(Short text fragments from websites)
· · ·
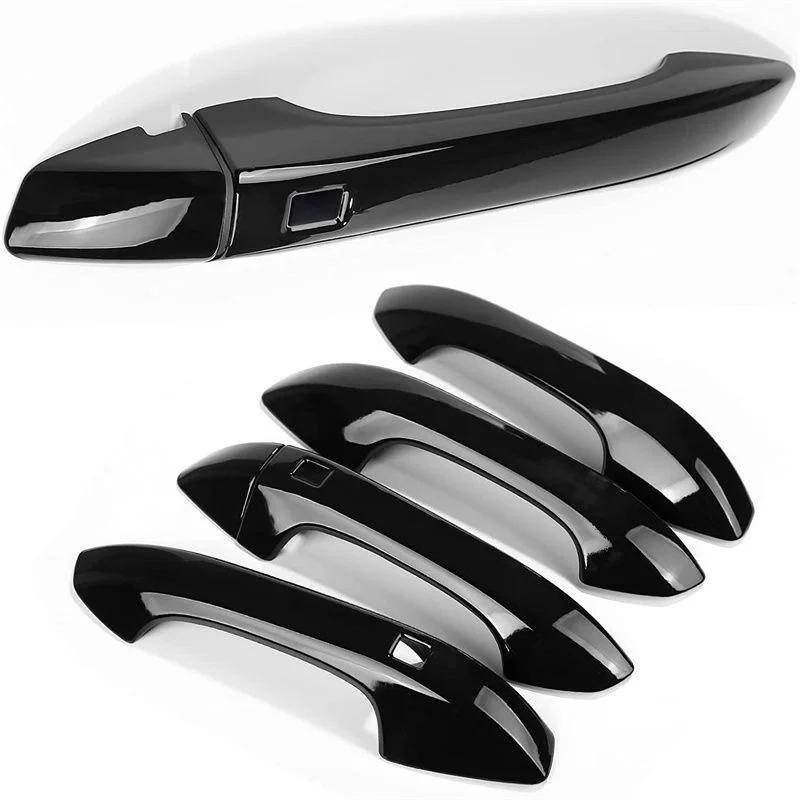For Kia Optima K5 LHD     ABS Chrome Carbon Fiber Black Door Handle Cover Trims Sticker Car Styling Accessories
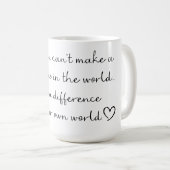Optimistischer Kaffeebecher Kaffeetasse (VorderseiteRechts)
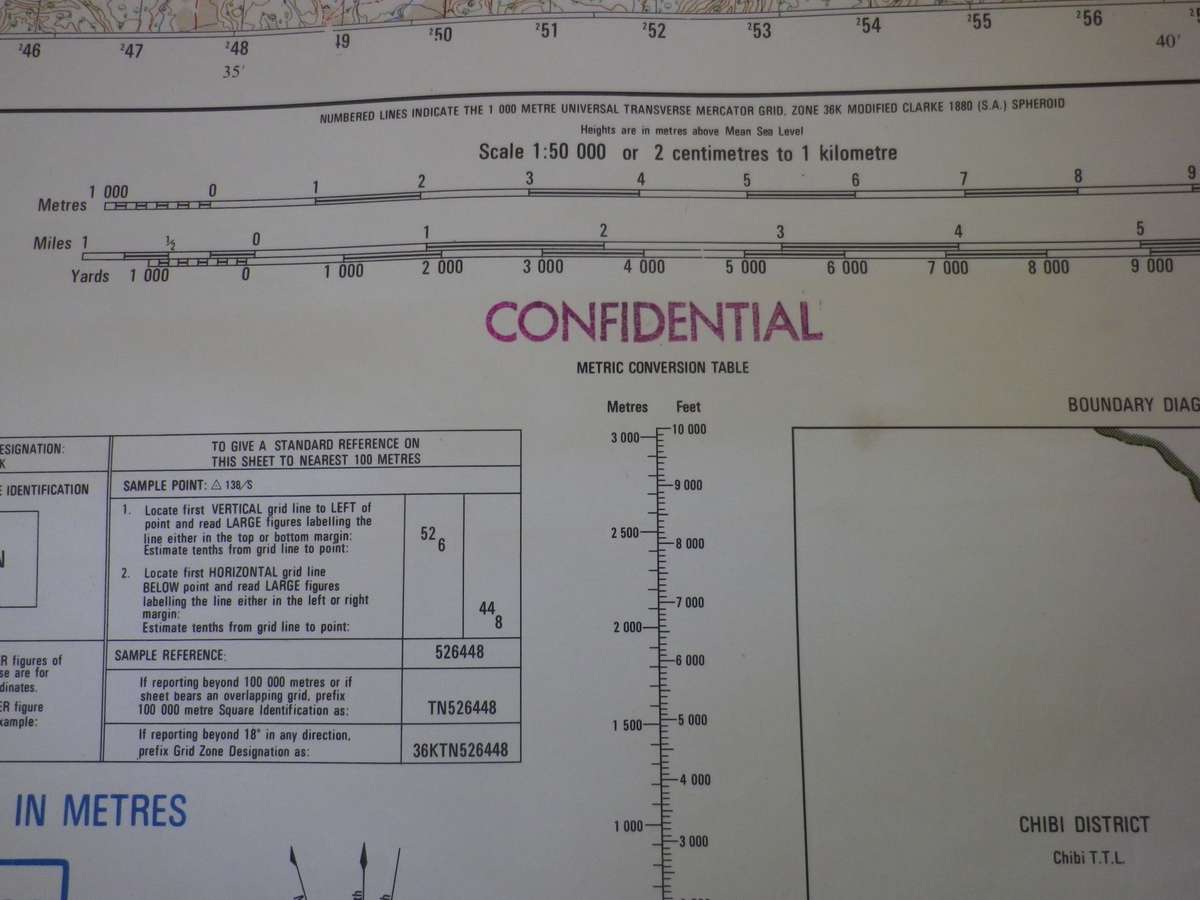 RHODESIA 3 X ORIGINAL MAPS - CHIBI, PELENDABA + NYAMANDHLOVU - SEE PICS - CONDITION ISSUES  (8958)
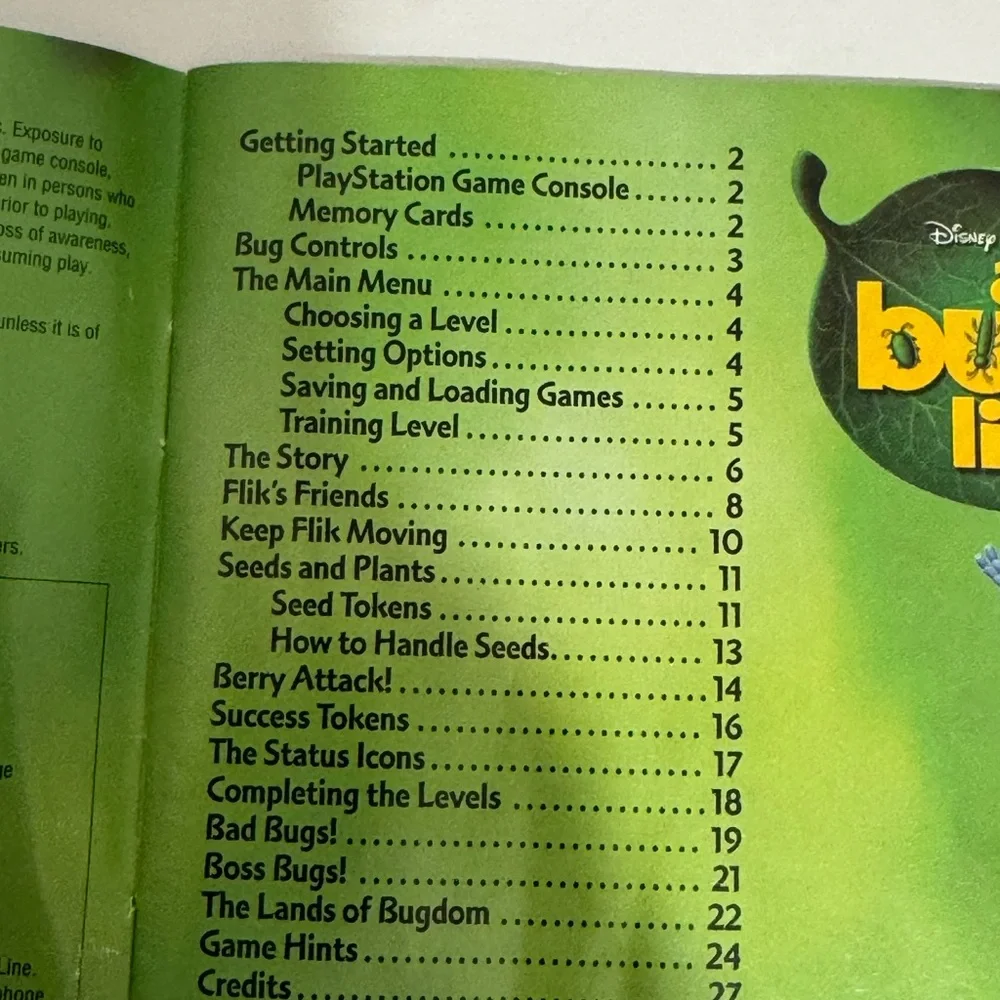 A Bug's Life (Sony PlayStation 1, 1998) PS1 Complete With Manual -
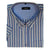 Subterfuge S/S Stripe Shirt - SH156 - Denim / White 1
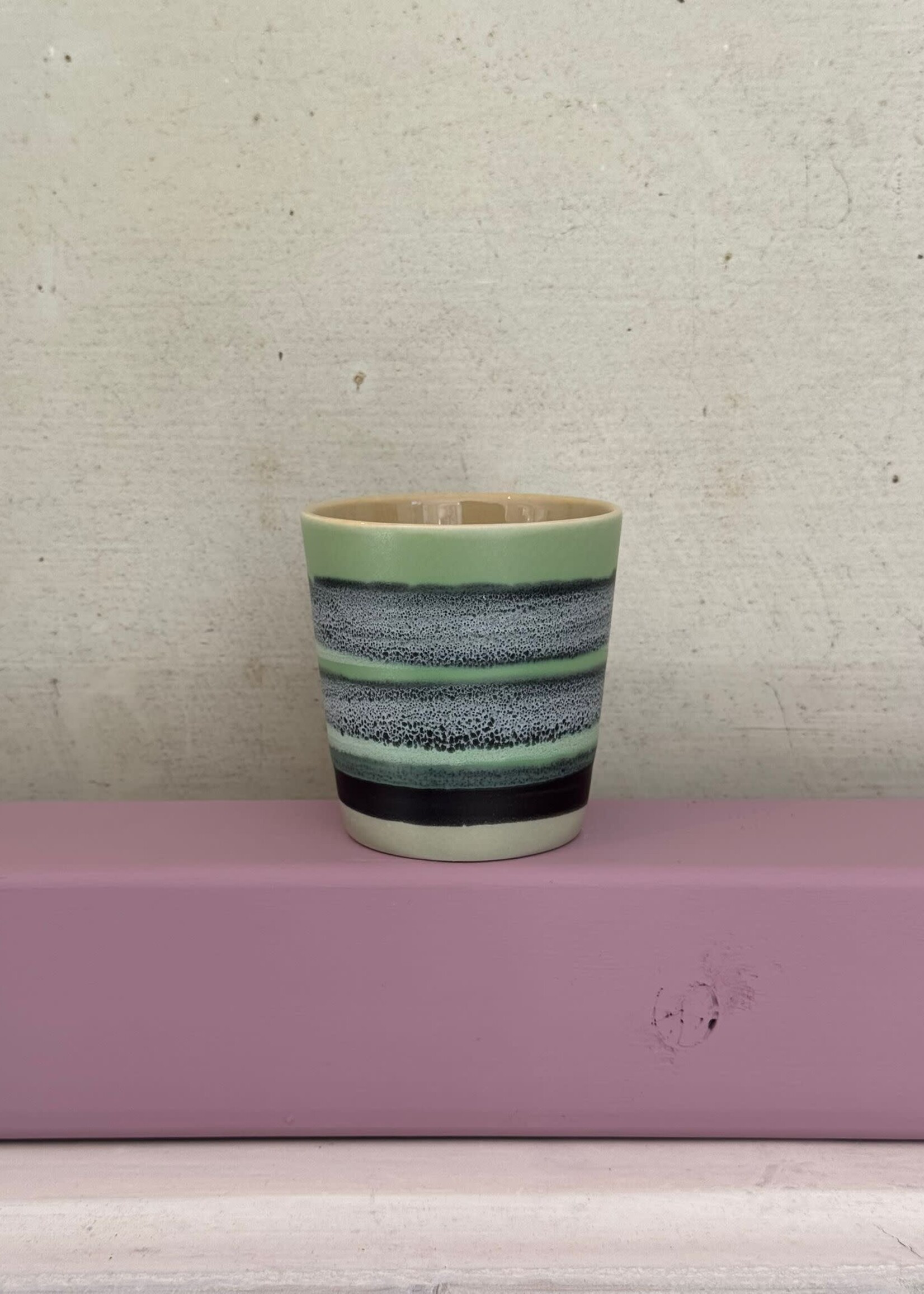 HKliving HKliving Ceramic 70's Coffee Mug 'River'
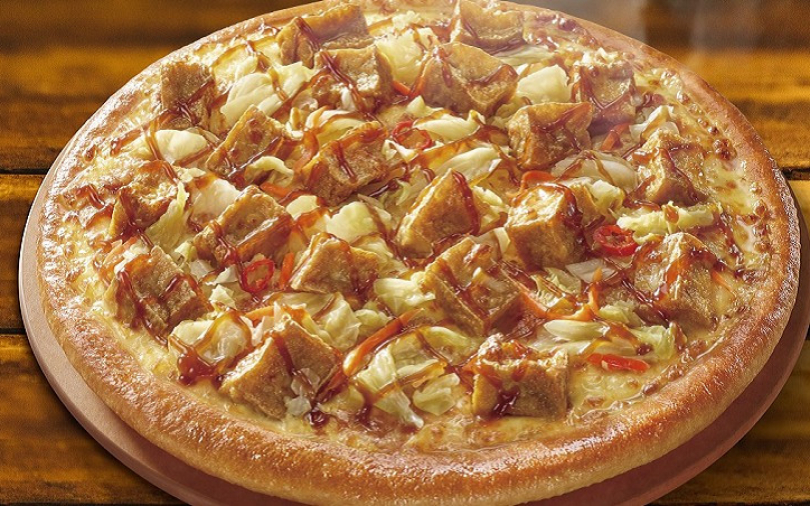 我的老天鵝！　臭味相投的臭豆腐、榴槤都做成披薩口味了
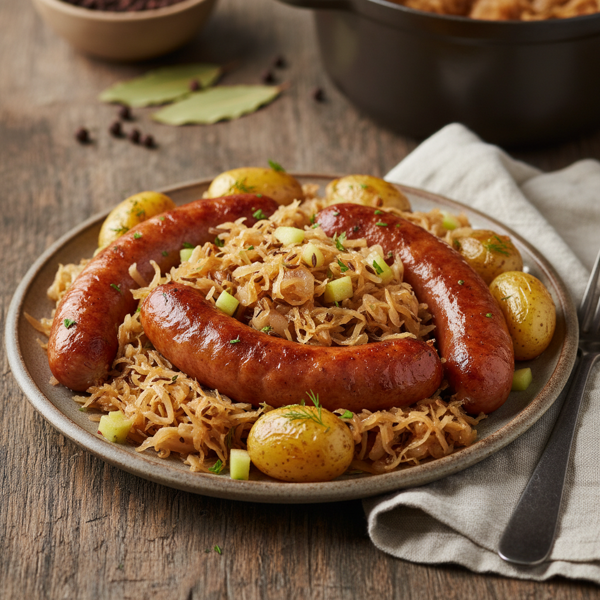 Savory Sauerkraut & Smoked Sausage Harmony recipe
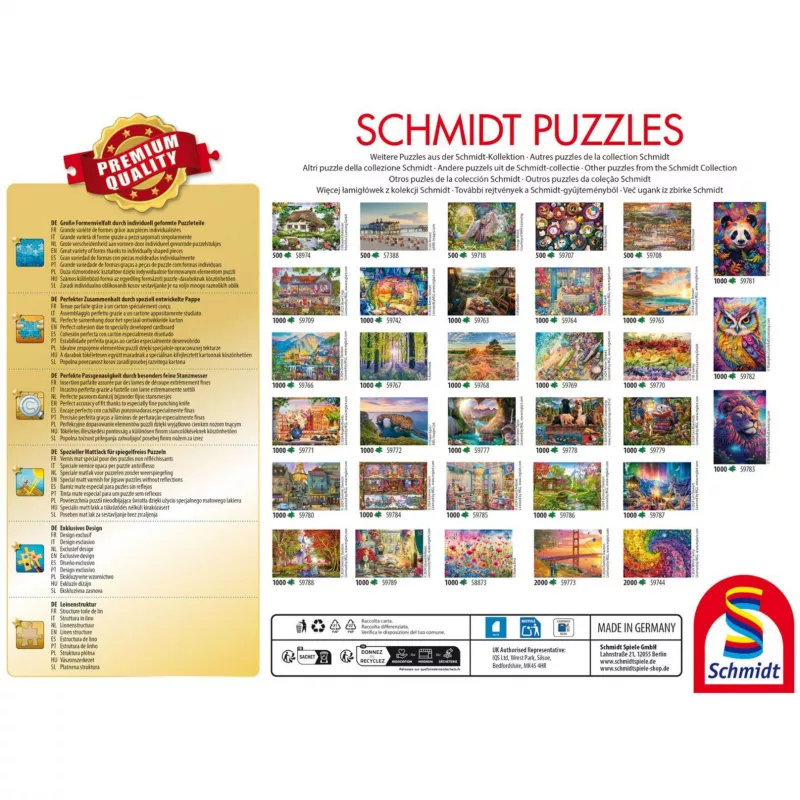 SCHMIDT SPIELE Studie aan zee (1000 stukjes)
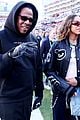 jay z and blue ivy carter at super bowl 02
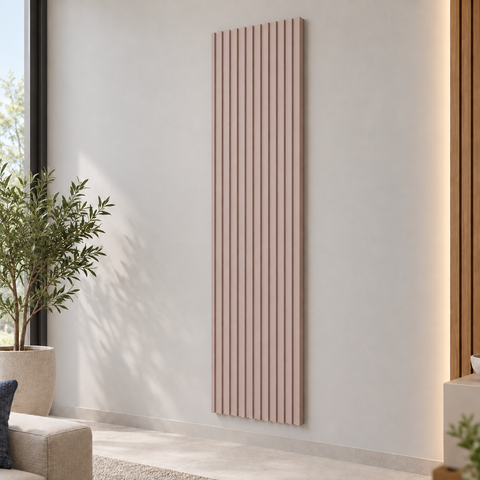 Extensão de Painel Supremo Slim Ripado 46 cm - Rosa Sonho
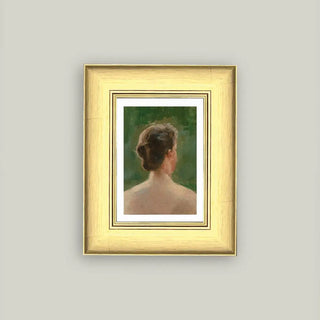 Back Of Woman Framed Wall Art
· · ·
What you should do: An exact copy of every entry above is needed, with the pictures left out.

Answer below:
For Kia Optima K5 LHD     ABS Chrome Carbon Fiber Black Door Handle Cover Trims Sticker Car Styling Accessories
Optimistischer Kaffeebecher Kaffeetasse (VorderseiteRechts)
 RHODESIA 3 X ORIGINAL MAPS - CHIBI, PELENDABA + NYAMANDHLOVU - SEE PICS - CONDITION ISSUES  (8958)
 A Bug's Life (Sony PlayStation 1, 1998) PS1 Complete With Manual -
 Subterfuge S/S Stripe Shirt - SH156 - Denim / White 1
 HKliving HKliving Ceramic 70's Coffee Mug 'River'
 我的老天鵝！　臭味相投的臭豆腐、榴槤都做成披薩口味了
 Savory Sauerkraut & Smoked Sausage Harmony recipe
 SCHMIDT SPIELE Studie aan zee (1000 stukjes)
 jay z and blue ivy carter at super bowl 02
 Extensão de Painel Supremo Slim Ripado 46 cm - Rosa Sonho
 Back Of Woman Framed Wall Art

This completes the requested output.